A high-water mark of post-war radicalism, the Seattle General Strike saw up to 100,000 workers down tools and run the city of Seattle between February 6-11, 1919. A leader of that struggle travels to another center of radicalism, Duluth, to tell the story.
‘The Story of the Seattle Strike’ from Truth (Duluth). Vol. 3 No. 14. April 4, 1919.
Thrilling story told by Seattle Striker.
Last Sunday evening, at the Woodman Hall, Jas Irving, of the Seattle Metal Trades Council, before a crowded audience, told the story of the Seattle strike. It was a story that stirred and inspired the audience. The speaker in his own quiet way, told of how the workers of Seattle had stopped the wheels of industry and managed things themselves. It was a fine story. We enjoyed it all the more, because it was being told by one of the strikers. It was just like listening to a soldier telling you of a battle he had been in. The story was one that will ever to be remembered by the men and women who had the good fortune to hear it.
“Schawb, Piez and the rest of the big patriots are the biggest bunch of double-crossesrs that ever came West,” said the speaker. He went on to show how Piez and Schawb had told them to keep on the job and behind their backs, these self-confessed patriots were stabbing the men in the back. Until finally the men who won the war decided that it was about time to act.

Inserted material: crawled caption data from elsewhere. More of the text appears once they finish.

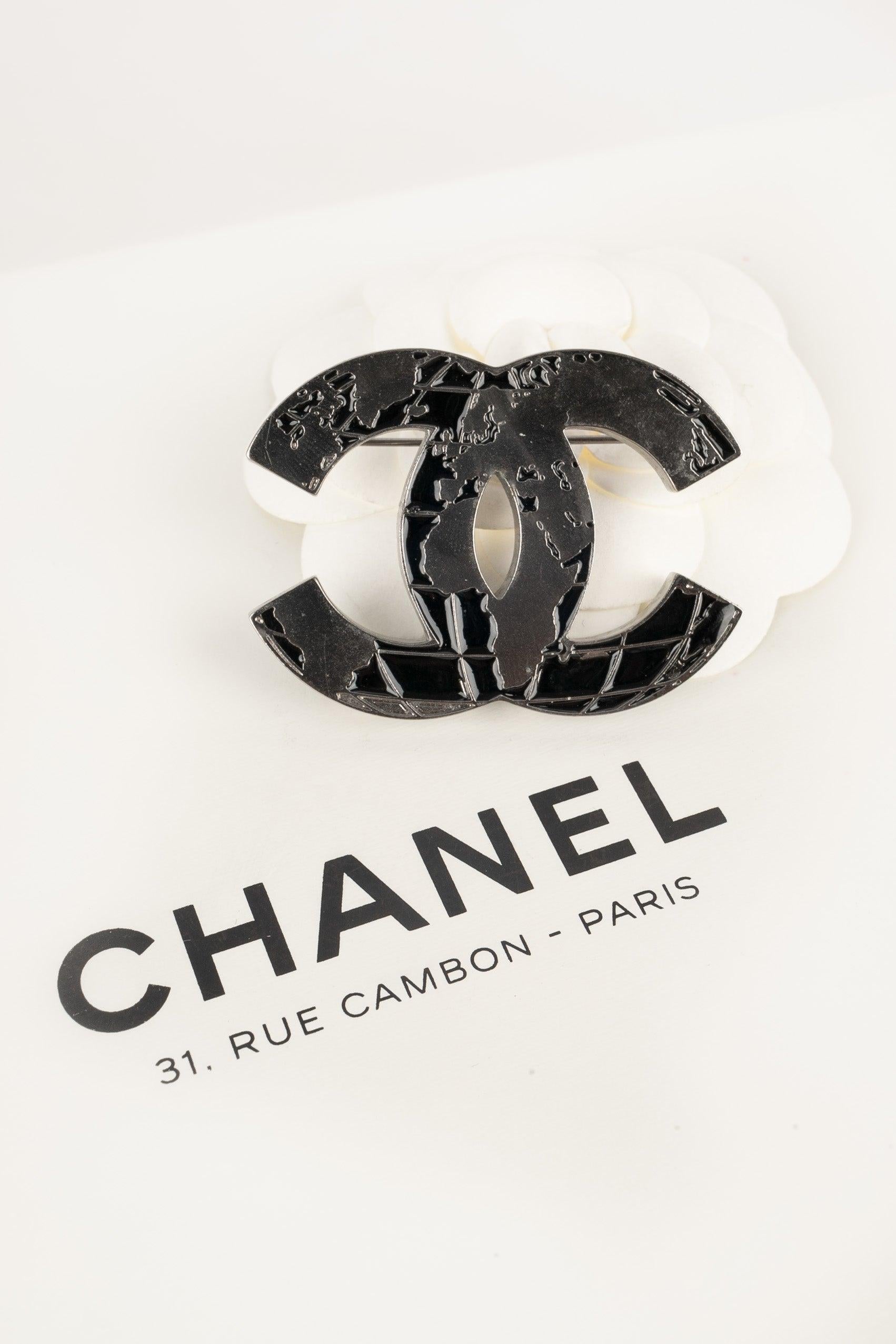 Chanel - (Made in France) Dark-silvery metal brooch enameled and representing a world map. 2013 Collection.

Additional information:
Condition: Very good condition
Dimensions: 5 cm x 4 cm
Period: 21st Century

Seller Reference: BRB180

On January 21st, 35,000 shipyard workers walked out from off the job and folded their arms hands with them. Labor withdrew its power from off the job and Seattle suddenly became like a deserted village. Not a wheel turned, not a bed in the hotels was made, be- cause even the chamber maids are 100 per cent organised, not a paper was printed. Labor just sat still and Seattle went off the industrial map. Not a revolution just labor taking a vacation. What a vacation! With the stopping of industry, the strikers found that they had to take charge of the city. So they set about organizing the food supplies etc. In a day the city was organized. Food was supplied to all workers and those who needed it. Hospitals were supplied with milk. Children were taken care of. Doctors were allowed to attend to their patients. But the employers were left out in the cold. Read the following requests and exemptions, granted and refused, by the Strike Committee:-
Teamsters request to haul oil to the Swedish hospital. CONCURRED IN.

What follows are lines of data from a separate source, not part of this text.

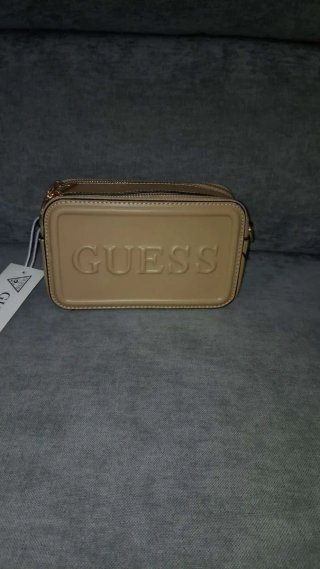 Bolso Guess Beige con Correa Negra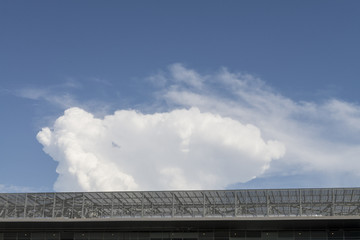 Linee, costruzione, cielo e nuvole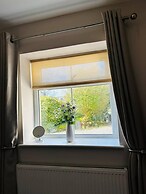 The Old Stables - a gem Surrounded by Mountains!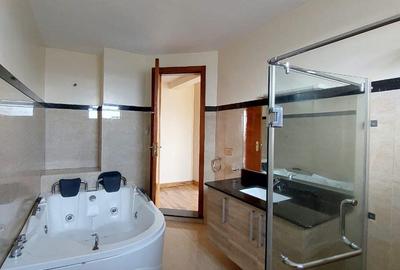 Serviced 4 Bed Apartment with En Suite in Kileleshwa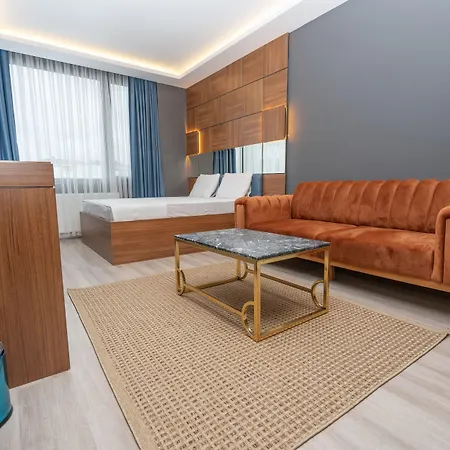 Center Suite-3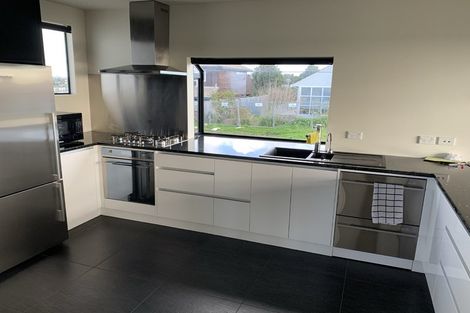 Photo of property in 1/2 Beatrice Avenue, Hillcrest, Auckland, 0627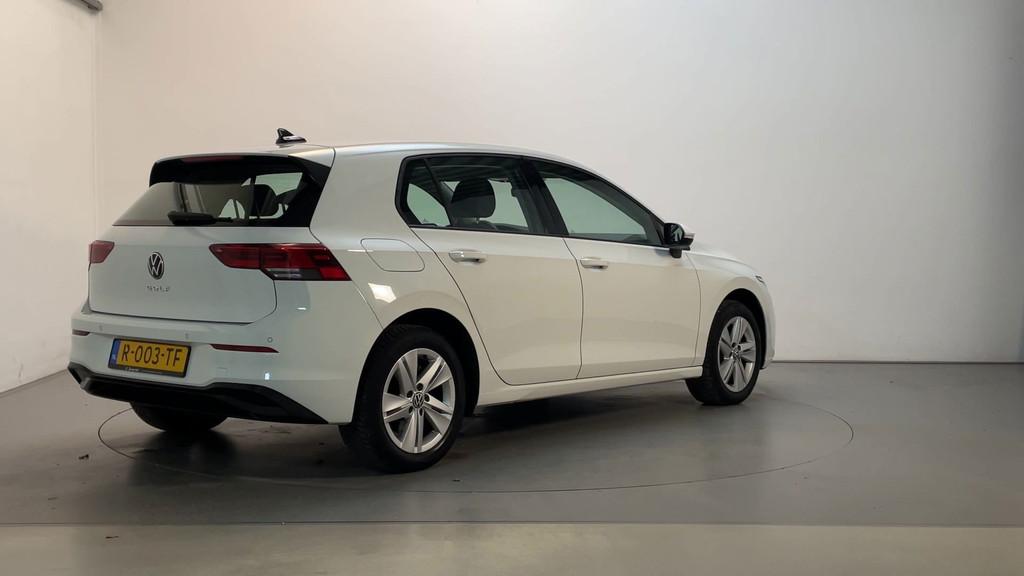Volkswagen Golf 1.0 TSI 110pk Life Business Alcantara Stoelv, Voorwielaandrijving, Gebruikt, Met garantie (alle), Wit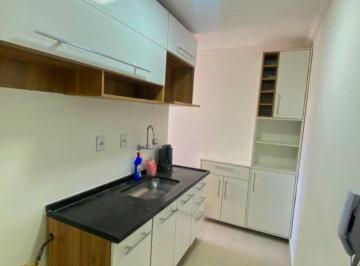 Apartamento en Aluguel de 2 quartos Vila Eunice · CSPLD150 - Cond. Vitória, cozinha com armários planejados, guarda-roupas planejados, 1 vaga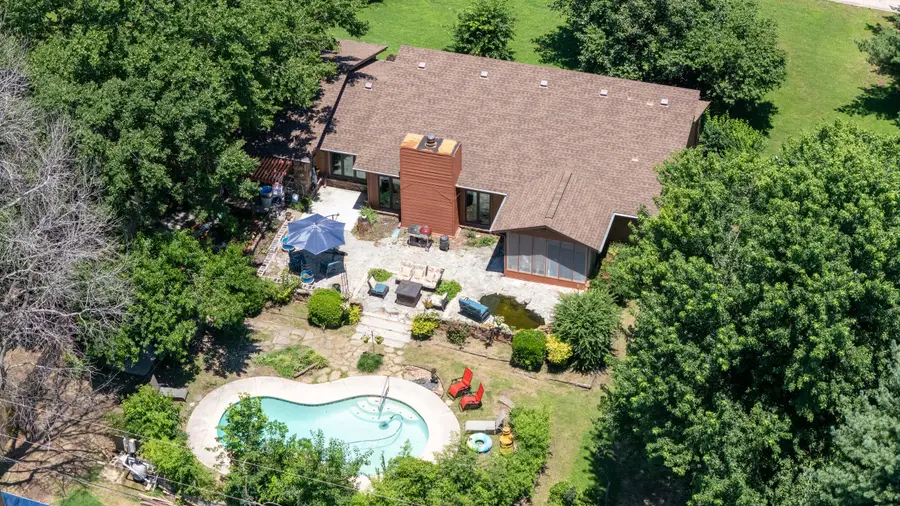 1010 S Sycamore Drive, Grove, OK 74344 - #2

City Garbage Wagon Drivers apply for instructions and are given permits to gather such garbage as tends to create epidemics, but no ashes or papers. House of Good Shepherd granted permission to haul food and provisions only.
Bake ovens at Davidson’s bakery allowed to operate, all wages to go into the strike fund.
It was a strike that will go down in history as the beginning of the end. It is the first real manifestation of the workers’ power. Solidarity, I.W.W. and A.F. of L. made common cause.
“The boys in Camp Lewis were receiving $9.00 per month,” said the speaker, “yet they stood by us to a man. We are with you, they said. Out of 50,000 soldiers, not one man offered to scab upon his fellow-workers. The spirit of Seattle workers is one that must make all union men and women feel prouder of the Seattle labor movement, that has produced such fighters.”
“Ole Hanson, the mayor of Seattle spent $50,000 for machine guns etc., that were never used, because labor placed 1,200 strikers on the police force and they saw that order was maintained. They arrested the imported gunmen and those they did not arrest they decorated their eye-brows. The mayor of Tacoma, who is possessed of more commonsense than mayor
Hanson, did not spend one cent for guns etc. It was just a matter of a mayor keeping his head. Hanson lost his.”
The speaker concluded his remarkable story of the Seattle strike with a stirring appeal. “We are not striking for Seattle, we are striking for all men and women who labor. I have heard the crunching of hard crusts between the teeth of children. I have heard the cries of my sisters on the streets. I have heard the cries of broken-up men and women. I feel that the time has arrived when labor must come together. We must organize ourselves into one union of our class. We must act together and make the labor movement capable of doing big things. Men and women in conclusion I have told you of what they are doing in Seattle. The story is not yet complete. Labor in Seattle has more cards to play and we are asking you here in Duluth to stand your ground, make common cause with your brothers in Seattle and so bring about the long-sought freedom of labor.”
At the close of Irving’s talk, an appeal for a collection was made, which brought in $66.84. Collections are all well and good, they help. But the thing we need here in Duluth is solidarity. We have a molders’ strike going on here and we are going to see our fellow- workers, the molders and machinists, sacrificed. It will mean that many will have to break up their own homes. They will be blacklisted, unless labor comes together and takes a lesson from Seattle. Solidarity is what we mean. Out from your homes to the factory and demand solidarity. With the solidarity of labor, labor can take what it wants, there will be no need to demand anything.